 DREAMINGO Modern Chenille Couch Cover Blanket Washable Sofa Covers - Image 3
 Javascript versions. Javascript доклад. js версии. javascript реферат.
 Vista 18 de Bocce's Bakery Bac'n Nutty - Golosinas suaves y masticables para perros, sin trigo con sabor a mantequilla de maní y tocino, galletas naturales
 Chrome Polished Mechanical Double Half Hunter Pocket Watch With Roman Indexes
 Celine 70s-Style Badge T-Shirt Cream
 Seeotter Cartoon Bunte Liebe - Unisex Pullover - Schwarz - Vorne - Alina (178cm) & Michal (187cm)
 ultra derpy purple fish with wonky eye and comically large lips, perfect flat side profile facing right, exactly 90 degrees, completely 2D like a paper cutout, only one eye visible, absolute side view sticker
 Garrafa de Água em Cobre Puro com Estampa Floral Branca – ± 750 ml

#####

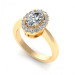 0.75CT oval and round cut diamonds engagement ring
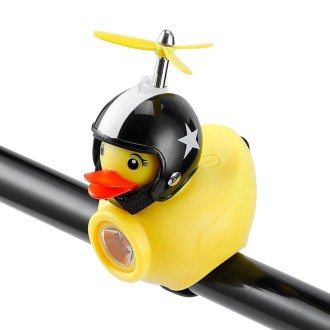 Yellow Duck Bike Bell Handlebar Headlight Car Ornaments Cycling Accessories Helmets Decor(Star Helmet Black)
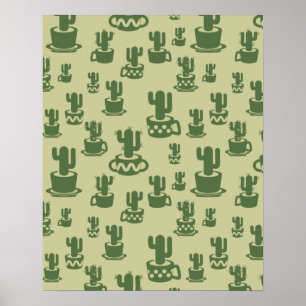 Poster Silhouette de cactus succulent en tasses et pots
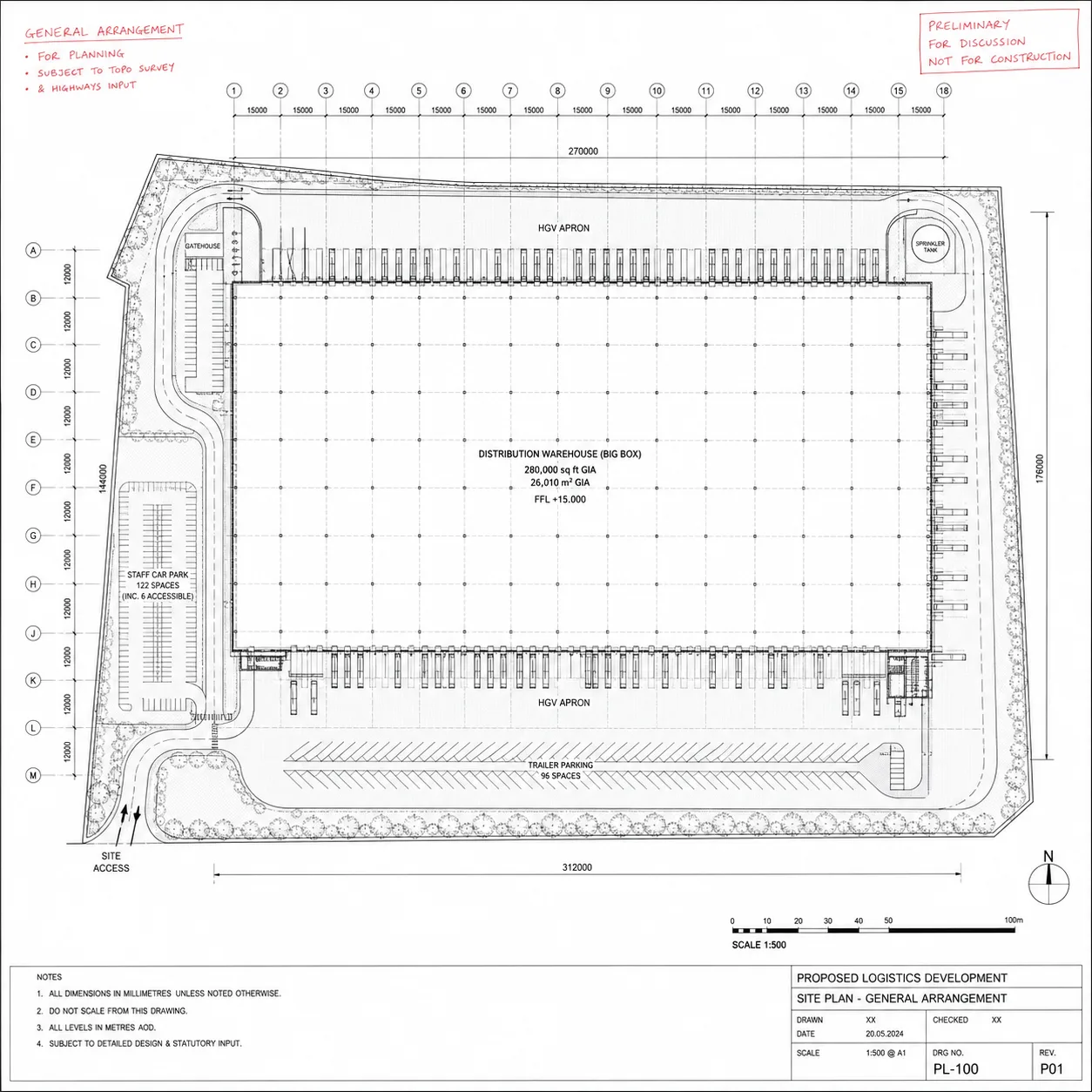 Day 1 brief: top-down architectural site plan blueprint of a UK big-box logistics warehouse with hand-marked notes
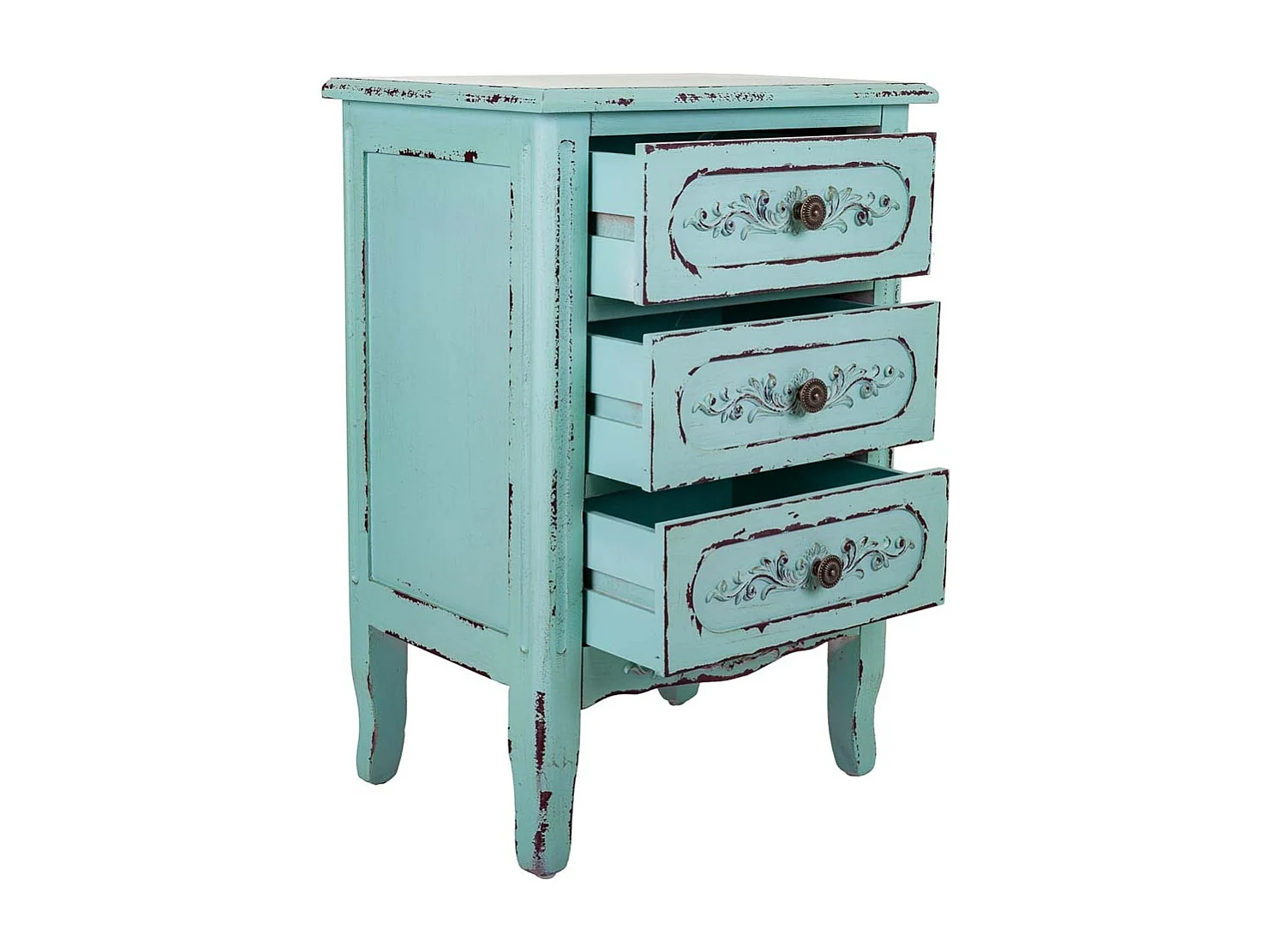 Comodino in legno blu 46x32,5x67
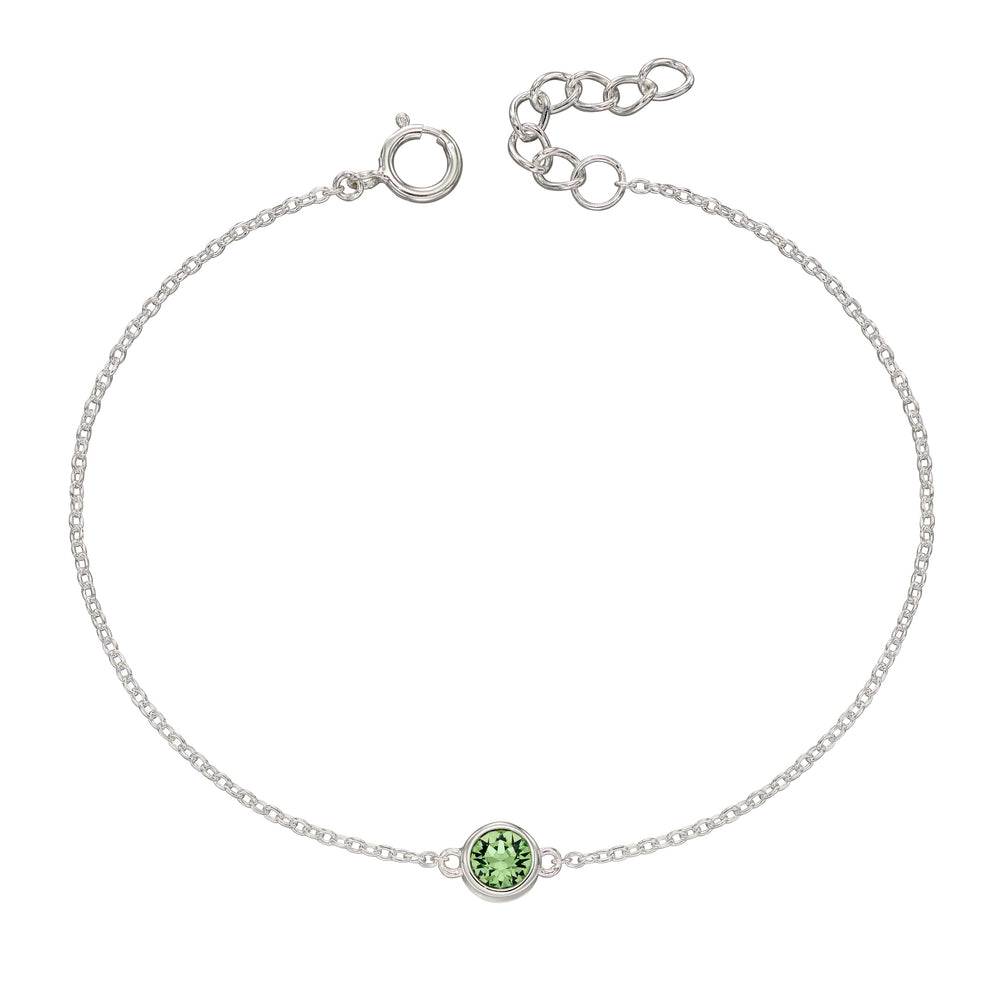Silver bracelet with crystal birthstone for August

#####

# What to produce
The line above containing "ultra derpy purple", the line containing "Garrafa de Água", and every line between them are to be transcribed exactly; no other line is wanted.

# Exercise output
 ultra derpy purple fish with wonky eye and comically large lips, perfect flat side profile facing right, exactly 90 degrees, completely 2D like a paper cutout, only one eye visible, absolute side view sticker
 Garrafa de Água em Cobre Puro com Estampa Floral Branca – ± 750 ml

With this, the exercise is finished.